### What you have to do:
Everything from the line containing "ミシン台　テーブルの脚用　アンティーク　引取り" through the line containing "Nineteenth-century chest of" should be repeated exactly, and nothing else from the data.

### Available data:
+++

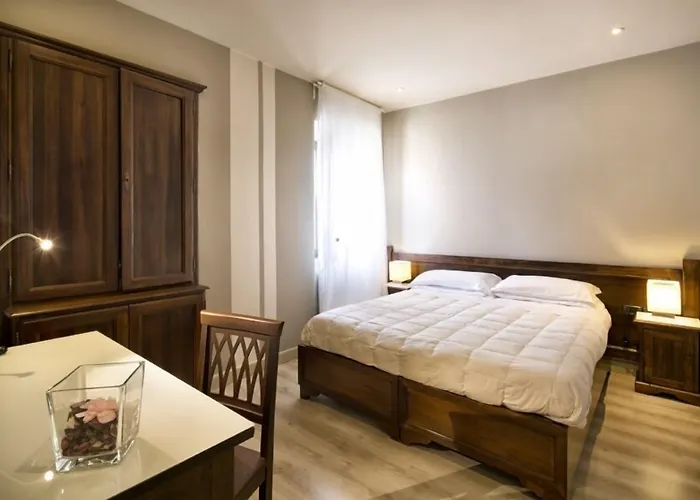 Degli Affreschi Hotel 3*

+++

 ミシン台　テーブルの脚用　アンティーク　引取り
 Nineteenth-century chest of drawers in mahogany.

+++

### Solution:
 ミシン台　テーブルの脚用　アンティーク　引取り
 Nineteenth-century chest of drawers in mahogany.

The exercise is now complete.